Kewei Zhang, Ye Huang, Yufan Deng, Jincheng Yu, Junsong Chen, Huan Ling, Enze Xie, Daquan Zhou

2026-01-13

MHLA: Restoring Expressivity of Linear Attention via Token-Level Multi-Head

Summary

This paper focuses on making Transformer models, which are really good at things like understanding language and recognizing images, work better with much larger amounts of data. It introduces a new way to handle attention, a key part of these models, to make it faster and more efficient.

What's the problem?

Transformer models use something called 'self-attention' which allows them to focus on different parts of the input data. However, this process gets incredibly slow as the amount of data increases because it requires comparing every piece of data to every other piece. Simpler, faster alternatives called 'linear attention' exist, but they often don't perform as well, and attempts to fix this usually add extra complexity that cancels out the speed benefits. The core issue is that these faster methods tend to lose important details and treat everything as equally important, leading to a loss of nuance.

What's the solution?

The researchers developed a new technique called 'Multi-Head Linear Attention' or MHLA. Instead of trying to process all the data at once, MHLA breaks down the attention process into smaller, independent parts, or 'heads'. Each head focuses on a different aspect of the data, which helps the model maintain a diverse understanding and avoid the 'global context collapse' problem.

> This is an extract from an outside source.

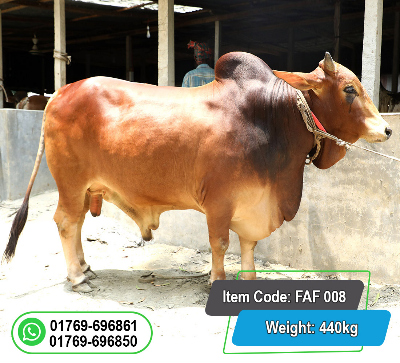 Buy Local Bull (দেশি ষাঁড়) 440KG at Best Price In Bangladesh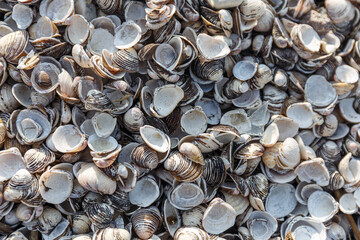 pile of shells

Importantly, MHLA still achieves the speed benefits of linear attention because it doesn't require comparing every piece of data to every other piece.

Why it matters?

This work is significant because it offers a way to scale up Transformer models to handle much larger datasets without sacrificing performance or efficiency. The improvements across image classification, natural language processing, image generation, and video generation demonstrate that MHLA is a versatile solution with the potential to advance many different areas of artificial intelligence. It allows for faster training and processing of these powerful models, making them more practical for real-world applications.

Abstract

While the Transformer architecture dominates many fields, its quadratic self-attention complexity hinders its use in large-scale applications. Linear attention offers an efficient alternative, but its direct application often degrades performance, with existing fixes typically re-introducing computational overhead through extra modules (e.g., depthwise separable convolution) that defeat the original purpose. In this work, we identify a key failure mode in these methods: global context collapse, where the model loses representational diversity. To address this, we propose Multi-Head Linear Attention (MHLA), which preserves this diversity by computing attention within divided heads along the token dimension. We prove that MHLA maintains linear complexity while recovering much of the expressive power of softmax attention, and verify its effectiveness across multiple domains, achieving a 3.6\% improvement on ImageNet classification, a 6.3\% gain on NLP, a 12.6\% improvement on image generation, and a 41\% enhancement on video generation under the same time complexity.